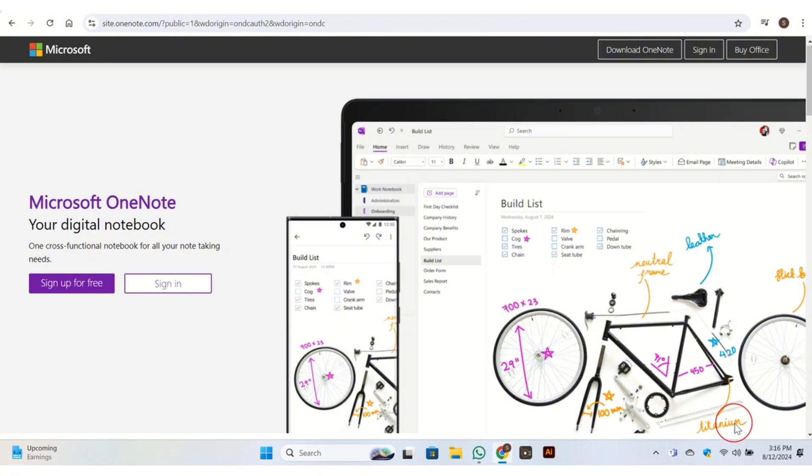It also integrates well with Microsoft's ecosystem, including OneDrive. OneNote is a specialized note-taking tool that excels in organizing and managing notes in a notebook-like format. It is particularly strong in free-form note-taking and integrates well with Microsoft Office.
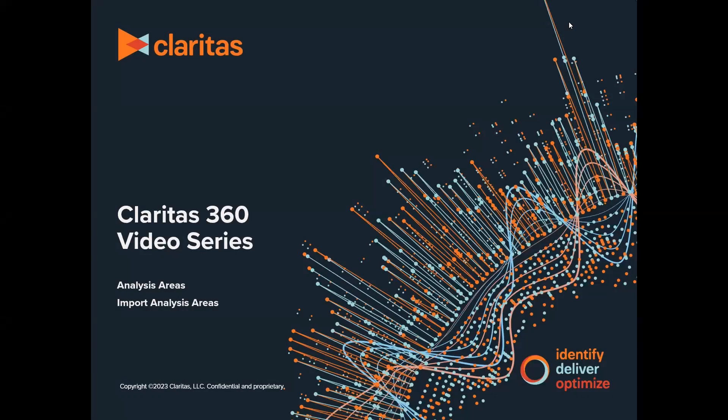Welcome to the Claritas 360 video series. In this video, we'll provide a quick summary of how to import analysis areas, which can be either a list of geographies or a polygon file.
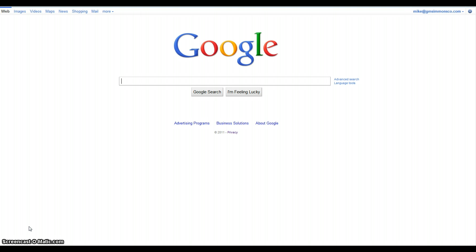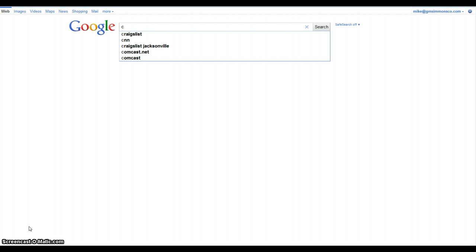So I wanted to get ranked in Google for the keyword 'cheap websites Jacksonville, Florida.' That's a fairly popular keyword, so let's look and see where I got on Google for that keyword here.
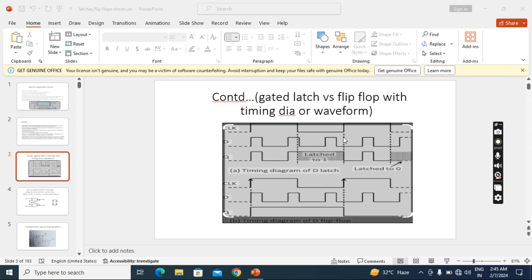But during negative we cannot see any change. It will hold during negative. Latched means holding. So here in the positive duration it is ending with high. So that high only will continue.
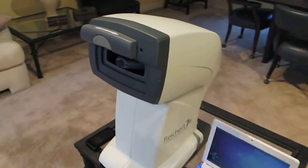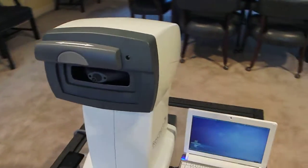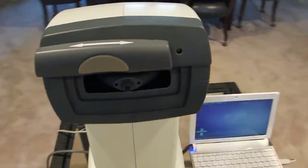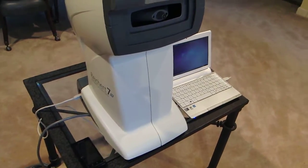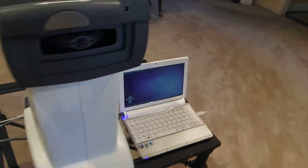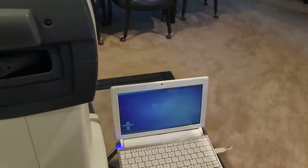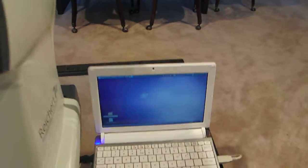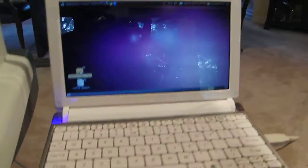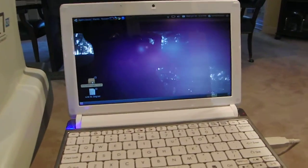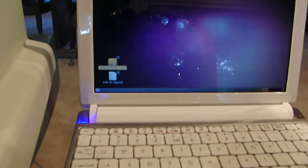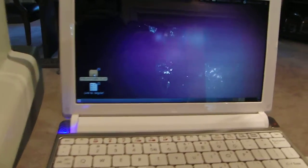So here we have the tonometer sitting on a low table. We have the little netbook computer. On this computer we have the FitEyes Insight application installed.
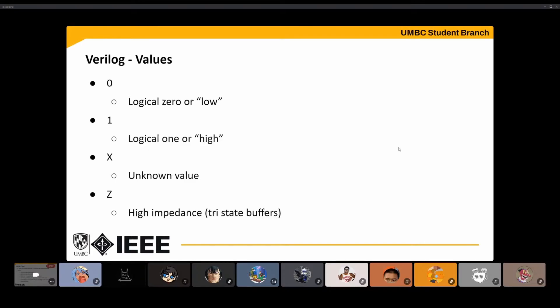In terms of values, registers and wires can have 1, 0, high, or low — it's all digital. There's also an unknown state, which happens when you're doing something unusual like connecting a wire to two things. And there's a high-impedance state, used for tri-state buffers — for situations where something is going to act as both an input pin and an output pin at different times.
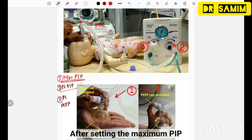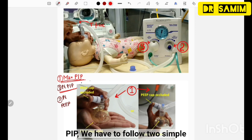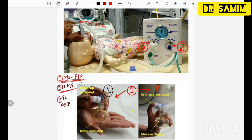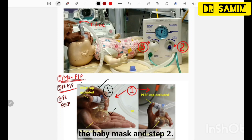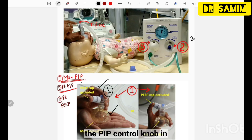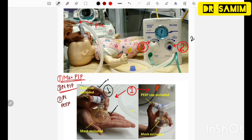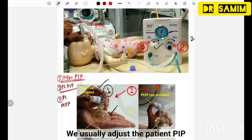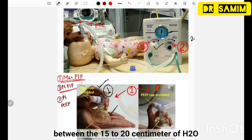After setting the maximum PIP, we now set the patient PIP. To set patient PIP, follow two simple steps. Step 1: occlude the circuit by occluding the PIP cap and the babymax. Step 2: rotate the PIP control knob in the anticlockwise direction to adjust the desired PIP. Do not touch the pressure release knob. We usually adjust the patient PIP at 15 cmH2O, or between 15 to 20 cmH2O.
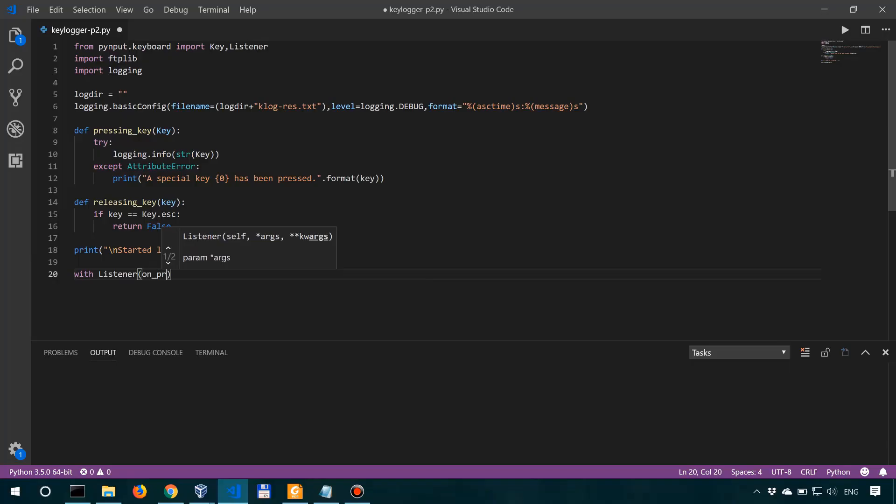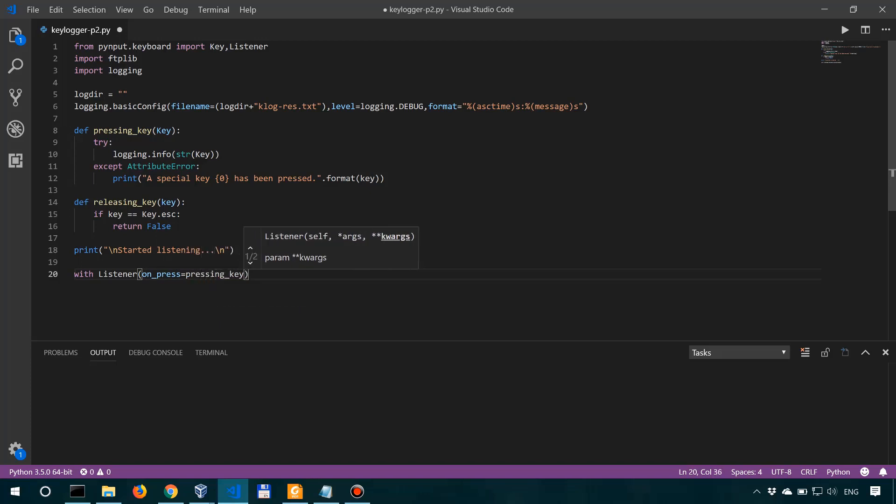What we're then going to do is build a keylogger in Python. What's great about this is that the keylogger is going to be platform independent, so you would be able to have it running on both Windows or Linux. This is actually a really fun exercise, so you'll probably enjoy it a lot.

************

▶ What is needed: When you set down the records above, copy every line exactly and exclude the pictures.

▶ Expected answer:
It also integrates well with Microsoft's ecosystem, including OneDrive. OneNote is a specialized note-taking tool that excels in organizing and managing notes in a notebook-like format. It is particularly strong in free-form note-taking and integrates well with Microsoft Office.
Welcome to the Claritas 360 video series. In this video, we'll provide a quick summary of how to import analysis areas, which can be either a list of geographies or a polygon file.
So I wanted to get ranked in Google for the keyword 'cheap websites Jacksonville, Florida.' That's a fairly popular keyword, so let's look and see where I got on Google for that keyword here.
But during negative we cannot see any change. It will hold during negative. Latched means holding. So here in the positive duration it is ending with high. So that high only will continue.
So here we have the tonometer sitting on a low table. We have the little netbook computer. On this computer we have the FitEyes Insight application installed.
In terms of values, registers and wires can have 1, 0, high, or low — it's all digital. There's also an unknown state, which happens when you're doing something unusual like connecting a wire to two things. And there's a high-impedance state, used for tri-state buffers — for situations where something is going to act as both an input pin and an output pin at different times.
After setting the maximum PIP, we now set the patient PIP. To set patient PIP, follow two simple steps. Step 1: occlude the circuit by occluding the PIP cap and the babymax. Step 2: rotate the PIP control knob in the anticlockwise direction to adjust the desired PIP. Do not touch the pressure release knob. We usually adjust the patient PIP at 15 cmH2O, or between 15 to 20 cmH2O.
What we're then going to do is build a keylogger in Python. What's great about this is that the keylogger is going to be platform independent, so you would be able to have it running on both Windows or Linux. This is actually a really fun exercise, so you'll probably enjoy it a lot.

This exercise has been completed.